WASHINGTON -- "You know I never give up."
The voters of West Virginia handed a very determined Sen. Hillary Clinton a big victory on Tuesday, and she said she was "more determined than ever to carry out this campaign until everyone has had a chance to make their voices heard."
Meanwhile, on the 11th floor of the Chicago high-rise campaign headquarters of Sen. Barack Obama, the shift is on to the general election campaign mode -- no matter the expected thumping Obama got in West Virginia. Obama was campaigning Tuesday in the key swing state of Missouri and heads to Michigan and Florida, central November battlegrounds.
Due diligence, of course, is being given to the four states and Puerto Rico still left to vote in the primary. Michelle Obama was dispatched to Puerto Rico to stump there today in advance of a June 1 vote, catching up to Chelsea Clinton, already on the island.
Clinton Tuesday night methodically ran through the reasons she should stay in the race, even as she noted most of the media and many influential pundits -- who can add -- have declared Obama the all-but-certain Democratic presidential nominee.
Grit, she's got. Numbers, she don't.
But neither does Obama, though he is very close. Quitting while she is on a roll -- don't count on it. As her spokesman, Howard Wolfson, told CNN, "No one in the history of American politics drops out after a 30 point win."
Her speech spoke to her transformation to a blue-collar champion of nurses, waitresses, farmers, coal miners, truckers, soldiers, vets or college students -- not a hedge fund trader in the state, apparently.
Clinton's options remain narrow. Obama is acting like the winner, even if he is not, yet. Perception in politics is important and Obama is being crowned the nominee. That will make it less likely the Democratic National Committee rules and bylaws committee will give Clinton a favorable ruling in the seating of disputed Michigan and Florida delegates if it means denying Obama the nomination.

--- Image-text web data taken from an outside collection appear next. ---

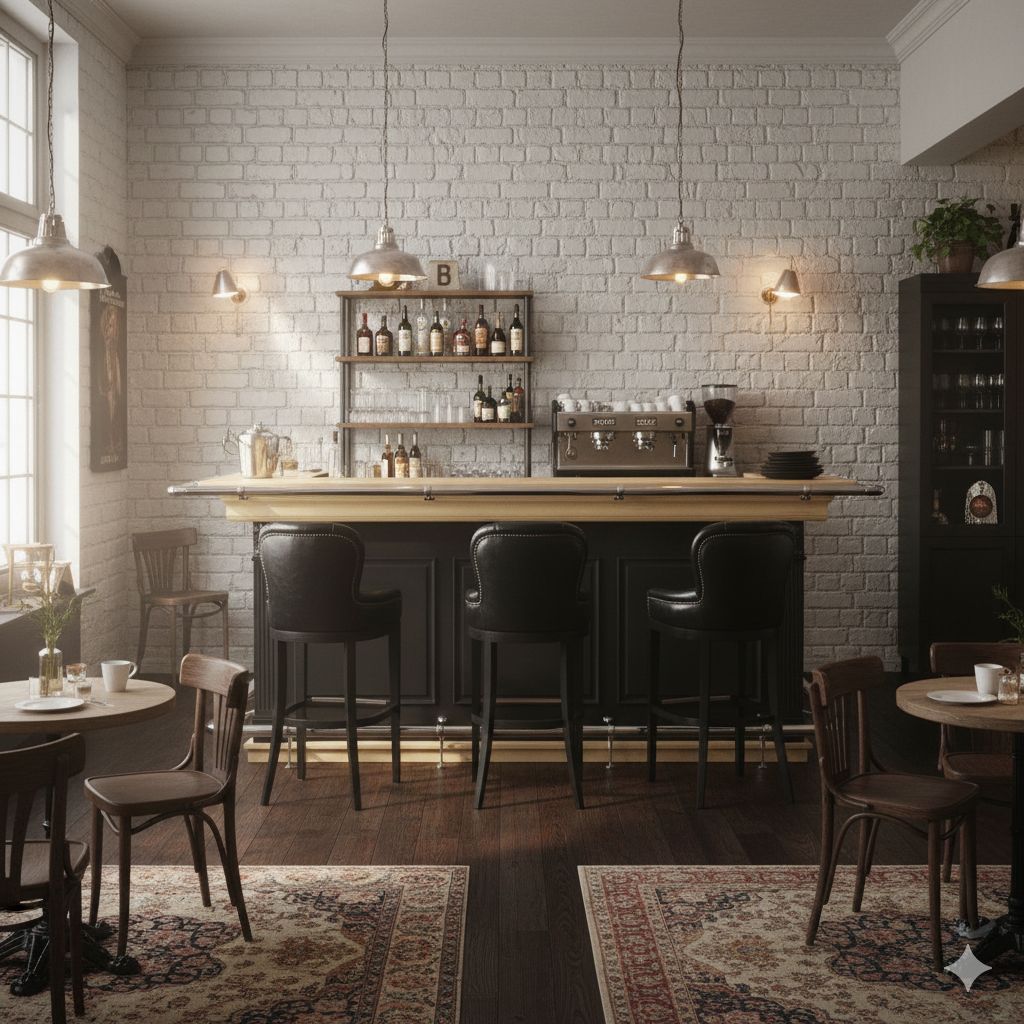 Empire Bar Theke Tresen Massivholz 2,70 m – Bild 2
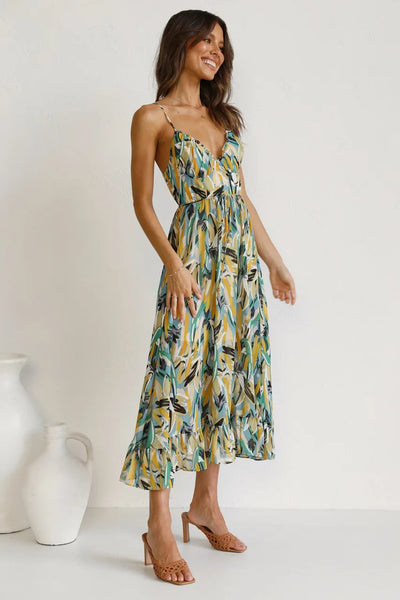 GABRIELLA | Printed Summer Dress with Fresh Comfort and Sunny Style for Leisure Days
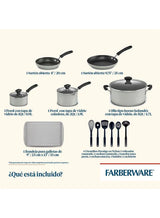 Farberware 15 Pieces Dishwasher Safe Non-Stick Cookware Set Silver. Shop Online at Zubaidas Homestore Pakistan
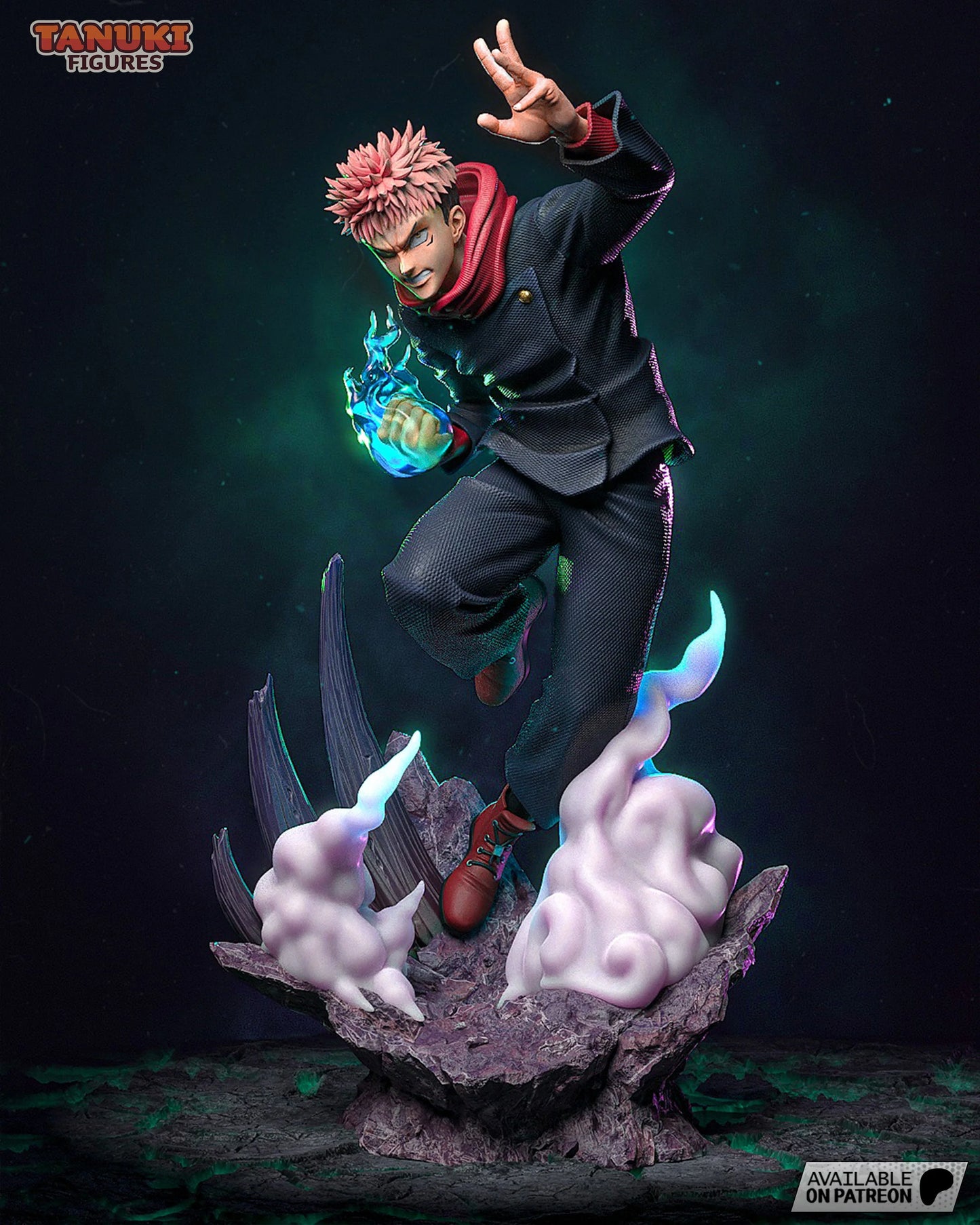 Cursed Vessel Fighter – Fanart | Anime Resin Figure | Handcrafted Collectible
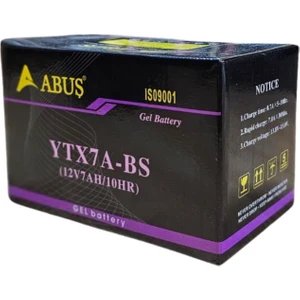 Abuş YTX7A-BS  Motosiklet Aküsü
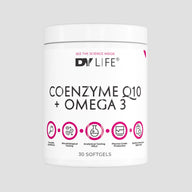 Coenzima Q10 + Omega 3, 30 Softgels, 30 Serviri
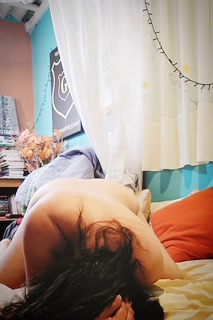 Mi neighbor came to visit and we warmed up to end up fucking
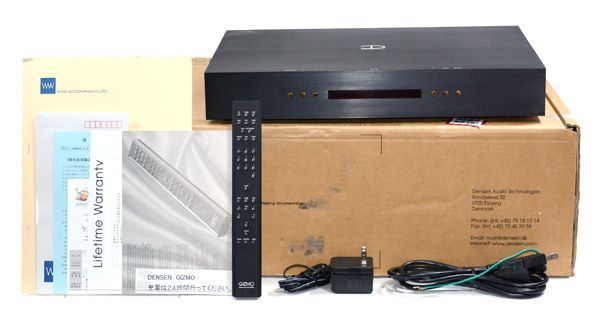 極美品 リモコン付 DENSEN デンセン B-110 プリメインアンプ 元箱付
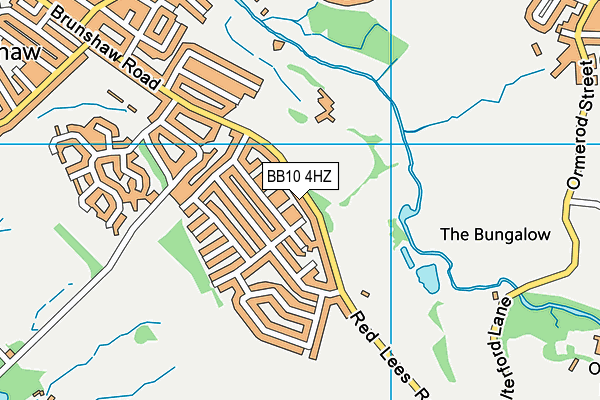 BB10 4HZ map - OS VectorMap District (Ordnance Survey)
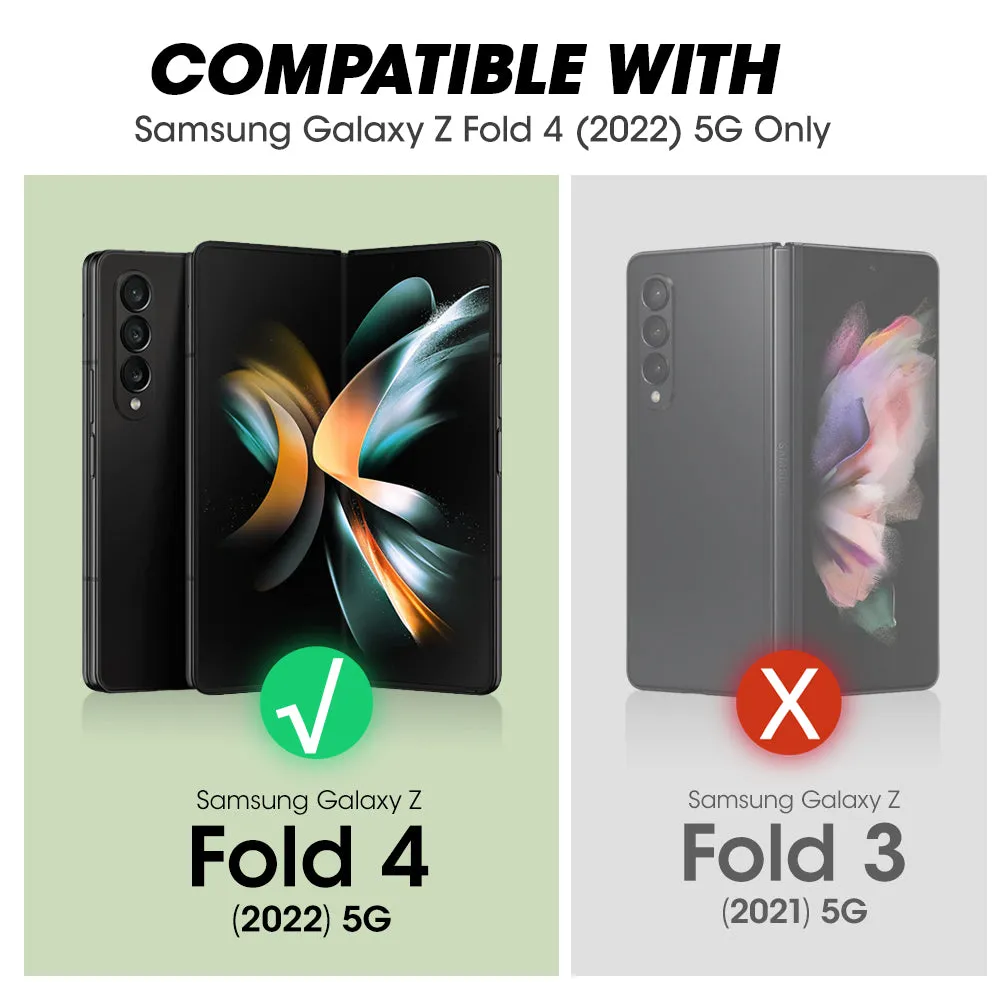 Final Few Galaxy Z Fold4 Unicorn Beetle Kickstand Case with Screen Protector-Dark Green  Stylish & Comfortable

Running this out a few more weeks is not destructive to the Democratic Party. Anyway, Clinton has made it clear -- or clearer -- she'll fight until she loses. She wants Obama to have to win the remaining delegates he needs and not have them handed to him. If the 200 plus undeclared superdelegates just make a choice -- in public -- this race will be wrapped up soon. It's in their hands. Not hers.